Net constant item loss or gain – a new accounting item.

Net constant item loss or gain – a new accounting item 
Updated on 16-8-11

Financial capital maintenance in units of constant purchasing power (CIPPA) with no stable measuring unit assumption requires the following:

1.    All monetary items – historical and current period monetary items – would be inflation–adjusted in terms of a Daily Index or monetized daily indexed unit of account like the Unidad de Fomento (UF) published daily by the Central Bank of Chile. This would result in the complete elimination of the cost of inflation; i.e. there would be no net monetary loss or gain, only under complete coordination, as well as with all money in the banking system which may never be the case. There is always money outside the banking system even if all deposits and other monetary items in the banking system were inflation–indexed, as partially done in Chile since 1967 with the UF. There would thus always be net monetary losses and gains to be calculated and accounted only in the monetary economy. Inflation has no effect on the real value of non–monetary items.

Complete coordination in an economy would most probably not be that easy to achieve right from the start. Banks cannot be forced to inflation–adjust all monetary items in the banking system when entities do not yet understand all the benefits of financial capital maintenance in units of constant purchasing power. Chilean banks operate profitably with inflation–adjusting a significant portion of deposits from clients since 1967. They inflation–index, for example, mortgages and car loans, which include their profit margins, to clients in terms of the UF.

However, entities may start financial capital maintenance in units of constant purchasing power, as authorized in IFRS, without any inflation–adjustment of monetary items at all. They may be motivated by the invisible hand of self–interest, shareholder pressure or more financial crises caused by continuously undercapitalized banks and companies. They may wish to immediately benefit from automatically maintaining the constant purchasing power of their own shareholders´ equity constant forever as long as they break even during inflation and deflation – ceteris paribus – whether they own any revaluable fixed assets or not. (See CIPPA increases a company´s net asset value.) [Link this to the blog article.]

There is much to be gained from moving away from reporting on the basis of Financial Capital Maintenance in Nominal Monetary Units.

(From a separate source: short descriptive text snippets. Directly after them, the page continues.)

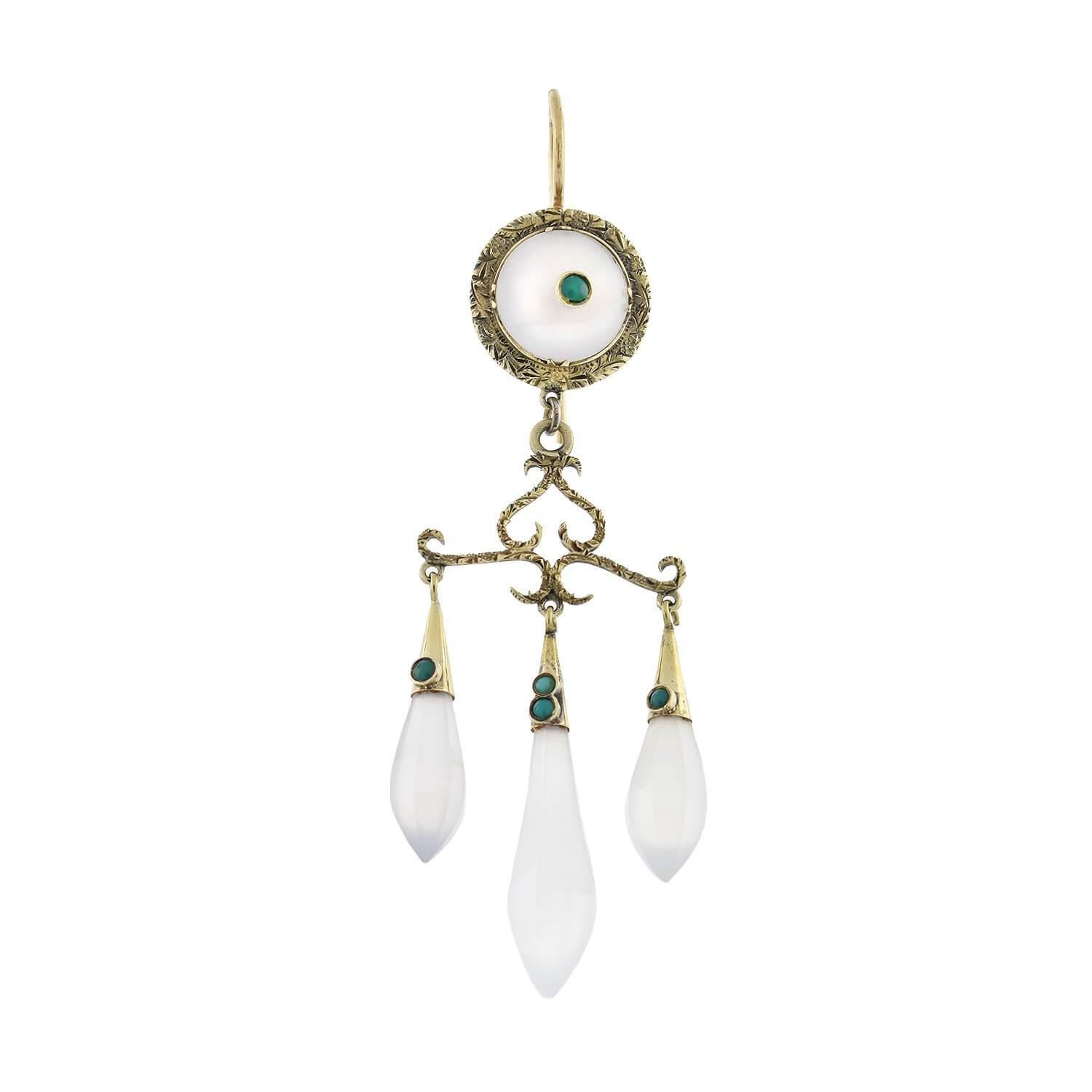 antique white chandelier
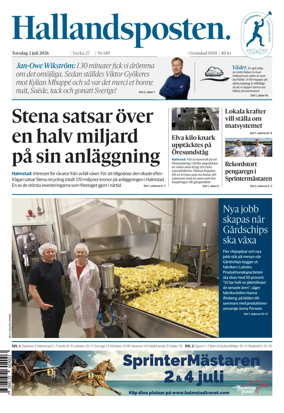 Cover of Hallandsposten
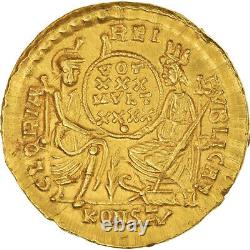 #1020875 Monnaie, Constance II, Solidus, 355-360, Arles, Très rare, SUP+, Or
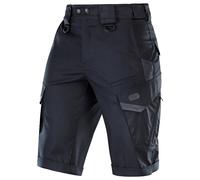 M-Tac Herren Tactical Cargo Shorts Aggressor Gen.II Flex - Robuste & Bequeme Einsatzshorts, Rip-Stop, Wasserabweisend, Dark Navy Blue, L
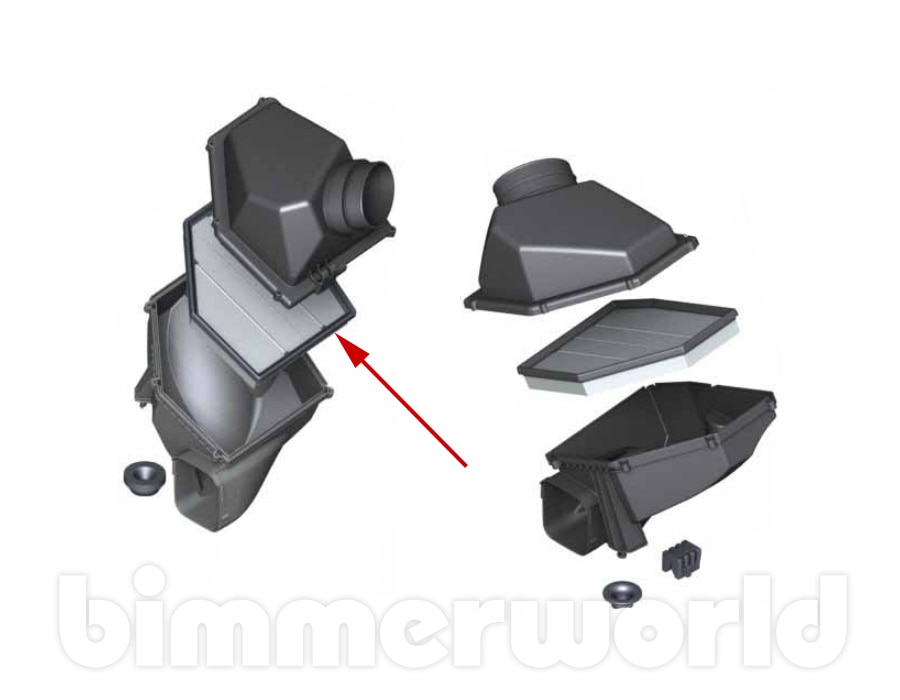 Genuine BMW Engine Air Filter, Right (Bank 1) for F90 M5 & F91 F92 F93 M8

           Prof Rachel Baskerville, Associate Professor of Accounting at the School of Accounting and Commercial Law at the Victoria University of Wellington, New Zealand in her publication 100 Questions (and Answers) about IFRS, March 15th, Question 38, 2010 on the Social Science Research Network. http://papers.ssrn.com/sol3/papers.cfm?abstract_id=1526846

The full cost of inflation – net monetary loss – would be recognized by these entities in their operations. It would be calculated and accounted in financial reports prepared under CIPPA. Under partial inflation–adjustment of monetary items in the banking system – e.g. in Chile – the net monetary loss or gain would be calculated and accounted for the part not inflation–indexed. This is presently not being done in Chile because entities in Chile implement the HCA model under which net monetary losses and gains are not calculated and accounted.

The calculation and accounting of net monetary losses and gains are required under CIPPA because there is no stable measuring unit assumption under financial capital maintenance in units of constant purchasing power.

The constant purchasing power of capital can only be automatically maintained by the real value of net assets in entities that at least break even during inflation and deflation – ceteris paribus – whether they own any revaluable fixed assets or not per se under financial capital maintenance in units of constant purchasing power.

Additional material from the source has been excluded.